Why We Need Audiophiles
Recommended reading courtesy of Gizmodo for the audiophiles among us (ummmm, that should be all of you, right?)
This is Michael Fremer. He’s listening to “Avalon” by Roxy Music on his $350,000 stereo system. It sounds excellent. He’s a bit crazy, but if you love music, you need him.
Fremer, if you have yet to decipher this, is an audiophile of the highest calibre. Literally millions of dollars of premium audio equipment have passed through his listening room under review for Stereophile magazine, and he’s been obsessing about vinyl since he was four years old, memorizing the labels of his parents’ 78s. A man who, when digital recording and reproduction methods began to surface culminating in the compact disc’s takeover as the predominant music format, became a figurehead for the vinyl superiority movement, staunchly advocating its greater tonal resolution over a CD’s 44.1 kHz max. (See this MTV clip for Fremer in action, circa 1993.)
In short, a species of human I had never known prior to hanging out with him in his New Jersey basement listening room last week, and a species, frankly, I was skeptical of in just about every possible way.

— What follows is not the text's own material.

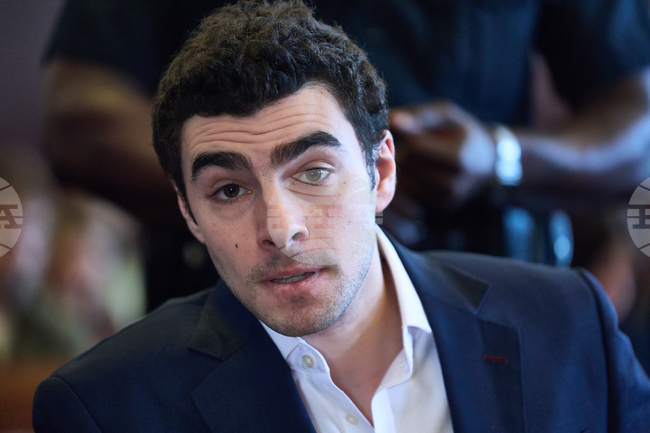 В Ню Йорк е повдигнато обвинение срещу мъж, представил се за агент на ФБР и опитал се да изведе от ареста емблематичен обвиняем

Upon getting picked up by Fremer at the train station near his home, my fears immediately began to feel all too real. It was but a minute or two into our car ride from the station that a rant on Walt Mossberg’s inferior review of the Airport Express, Apple’s music-streaming mini-router that Fremer and I both enjoy in our home systems, begins in earnest:
“If he’s not going to tell people how it sounds, then what’s the fucking point? Don’t step into my world, Walt!” Multiple emails of complaint to poor Walt are alluded to. I am definitely thinking “uh oh” at this point.